Strickland Bay, traditional pearl shell collecting area.
Figure 2. Strickland Bay, Western Australia, roughly 150 km north of Broome, was a traditional area for collecting pearl shell. Photo courtesy of Aubrey Tigan, Mayala elder.

Long before contact with Europeans, Aboriginal people harvested and carved pearl shell and traded it inland from the coast (figure 2). Indigenous coastal people still use pearl shell as a “canvas,” engraving the lustrous shells with designs sometimes highlighted with ochre. Worn exclusively by men, these artworks are thought of as a manifestation of water and life and were traded over vast distances across Australia. A 22,000-year-old piece of shell found in a West Kimberley rock shelter, 200 km from the shoreline, is the oldest known. Contemporary pearl shell carving tells the story of the country, and the works of Kimberley coastal artists can be found in collections around the world (figure 3).

Australian carved shell.
Figure 3. Carved shell depicting the shell beds on the Lacepede Islands off Australia’s northwest coast, 120 km from Broome. Photo courtesy of Aubrey Tigan Galiwa, Mayala elder.

The 1850s saw the birth of the Australian pearling industry in Western Australia, where Pinctada albina mussels were first collected by entrepreneurs at Shark Bay. After Shark Bay was stripped of its mussel populations, the 1861 discovery of the much larger P. maxima shells farther north at Nickol Bay attracted greater numbers of prospective pearlers. By 1870 an industry had been established in the Torres Strait in Australia’s far northeast. Eventually the pearling industry moved to Broome in the West Kimberley, which by 1910 was the largest pearling center in the world (figure 4). Hosting a large fraction of Japanese and Chinese pearlers, it was fueled by a booming international pearl button market.

The breakthrough of culturing round pearls in Japan in 1916, when the first cultured pearls were marketed by Kokichi Mikimoto, resulted in an attempt to establish an Australian cultured pearl farm in 1921. However, lobbying against it by other pearlers resulted in the prohibition of pearl culturing in West Australia. The ban was not lifted until 1949.

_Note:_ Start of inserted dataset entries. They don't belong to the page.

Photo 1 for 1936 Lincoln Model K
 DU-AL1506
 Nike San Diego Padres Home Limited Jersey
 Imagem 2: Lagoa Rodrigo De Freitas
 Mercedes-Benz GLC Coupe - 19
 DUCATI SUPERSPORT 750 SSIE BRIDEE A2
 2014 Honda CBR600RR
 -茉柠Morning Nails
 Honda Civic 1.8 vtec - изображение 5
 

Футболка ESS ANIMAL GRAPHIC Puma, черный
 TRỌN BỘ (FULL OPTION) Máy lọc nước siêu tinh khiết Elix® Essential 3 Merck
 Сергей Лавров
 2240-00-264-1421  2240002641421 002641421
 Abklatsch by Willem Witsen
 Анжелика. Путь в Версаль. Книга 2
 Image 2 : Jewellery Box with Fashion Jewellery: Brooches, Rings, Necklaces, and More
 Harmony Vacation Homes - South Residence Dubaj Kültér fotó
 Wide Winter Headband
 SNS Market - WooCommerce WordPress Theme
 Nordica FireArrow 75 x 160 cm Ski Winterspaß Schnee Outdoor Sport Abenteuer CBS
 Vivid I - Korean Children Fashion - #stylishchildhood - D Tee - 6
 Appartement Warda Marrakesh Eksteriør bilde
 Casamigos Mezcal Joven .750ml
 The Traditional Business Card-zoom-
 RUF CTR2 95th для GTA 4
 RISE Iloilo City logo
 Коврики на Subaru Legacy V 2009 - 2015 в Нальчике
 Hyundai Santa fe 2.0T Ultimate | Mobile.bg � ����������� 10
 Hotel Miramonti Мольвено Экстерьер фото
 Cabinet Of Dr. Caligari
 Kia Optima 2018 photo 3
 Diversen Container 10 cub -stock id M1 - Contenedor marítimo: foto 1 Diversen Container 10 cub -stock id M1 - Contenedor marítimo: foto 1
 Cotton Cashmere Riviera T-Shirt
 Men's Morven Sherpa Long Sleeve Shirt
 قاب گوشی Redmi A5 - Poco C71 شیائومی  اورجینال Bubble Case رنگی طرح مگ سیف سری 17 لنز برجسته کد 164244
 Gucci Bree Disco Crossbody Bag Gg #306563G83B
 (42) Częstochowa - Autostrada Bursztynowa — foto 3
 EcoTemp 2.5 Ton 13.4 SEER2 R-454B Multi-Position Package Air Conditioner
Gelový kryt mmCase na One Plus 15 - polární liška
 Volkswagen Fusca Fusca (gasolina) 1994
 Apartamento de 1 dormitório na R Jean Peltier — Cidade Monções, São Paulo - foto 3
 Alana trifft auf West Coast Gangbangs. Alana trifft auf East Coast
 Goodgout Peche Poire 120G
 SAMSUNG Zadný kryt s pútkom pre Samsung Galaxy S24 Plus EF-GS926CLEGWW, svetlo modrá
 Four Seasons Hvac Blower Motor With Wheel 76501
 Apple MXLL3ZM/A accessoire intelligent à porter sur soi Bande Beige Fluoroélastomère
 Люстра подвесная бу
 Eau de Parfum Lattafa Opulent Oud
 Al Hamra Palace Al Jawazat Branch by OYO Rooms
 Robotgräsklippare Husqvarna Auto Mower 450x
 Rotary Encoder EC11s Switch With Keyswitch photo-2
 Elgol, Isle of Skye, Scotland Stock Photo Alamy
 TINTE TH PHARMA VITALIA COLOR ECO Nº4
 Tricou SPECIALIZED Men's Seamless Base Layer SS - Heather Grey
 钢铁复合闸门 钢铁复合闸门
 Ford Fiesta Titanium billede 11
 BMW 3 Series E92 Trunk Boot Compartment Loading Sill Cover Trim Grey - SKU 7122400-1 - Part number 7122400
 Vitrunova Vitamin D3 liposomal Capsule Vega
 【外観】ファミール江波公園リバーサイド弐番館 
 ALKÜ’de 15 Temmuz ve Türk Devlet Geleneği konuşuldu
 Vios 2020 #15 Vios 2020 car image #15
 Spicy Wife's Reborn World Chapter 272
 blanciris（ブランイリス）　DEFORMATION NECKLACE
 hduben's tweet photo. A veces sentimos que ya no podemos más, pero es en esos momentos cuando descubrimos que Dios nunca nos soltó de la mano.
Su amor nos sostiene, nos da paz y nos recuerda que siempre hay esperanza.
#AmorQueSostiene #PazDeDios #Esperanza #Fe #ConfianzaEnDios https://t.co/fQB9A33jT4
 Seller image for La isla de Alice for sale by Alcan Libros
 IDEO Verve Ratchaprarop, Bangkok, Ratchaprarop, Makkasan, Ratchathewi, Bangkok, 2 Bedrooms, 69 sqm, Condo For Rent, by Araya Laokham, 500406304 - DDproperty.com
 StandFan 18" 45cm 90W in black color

Divers were almost exclusively of Asian and Aboriginal descent, and Japanese divers were reputedly the best. The colonial history was harsh and marked by the exploitation and segregation of the laborers. They made up most of the tight-knit crews on “pearling luggers”—ketch-rigged wooden vessels 13 to 19 meters in length—and set out for seabeds as “saltwater cowboys” in search of pearl shells.

Broome pearl lugger crew.
Figure 4. The crew of a pearl lugger in Broome, ca. 1900–20. Photo courtesy of the National Archives of Australia.

Pearling ceased in 1941 when local Japanese were interned during World War II. After the war, beginning in 1956, Australian pearl farming was reinvented in the form of cultured South Sea pearl farms, with new technologies, safer practices, and a better understanding of mussel sustainability. The modern manufacture and sale of South Sea pearls has little to do with the saltwater cowboys who stripped the seabeds in historical times. New standards in hygiene and maintenance of mussels have been introduced, as well as new vessels designed as “floating laboratories” that allow operating on the mussels in their natural habitat. A shift from collecting large pearl shells to cultivating pearls using small shells has eased the pressure on populations in the wild.

Along with the history of Australia’s pearling heritage, the exhibition also touches on more generic topics, such as the nature of the material “pearl,” pearling techniques, and the zoology of P. maxima, the pearl mollusk.

For those who cannot visit the exhibition, the museum offers online resources, such as images and text panels from the exhibition, accessible at

Lustre: Pearling and Australia, curated in a partnership between the Western Australian Museum and Nyamba Buru Yawuru, is showing at the Immigration Museum, Melbourne, Australia, until January 15, 2017. Admission is 14 AUD for adults; children are free. The museum is open daily from 10 am to 5 pm (closed Good Friday and Christmas Day).

Dorrit Jacob is professor of biomineralization at Macquarie University in Sydney, Australia. She is a mineralogist and geochemist actively involved in research on nacre and pearls.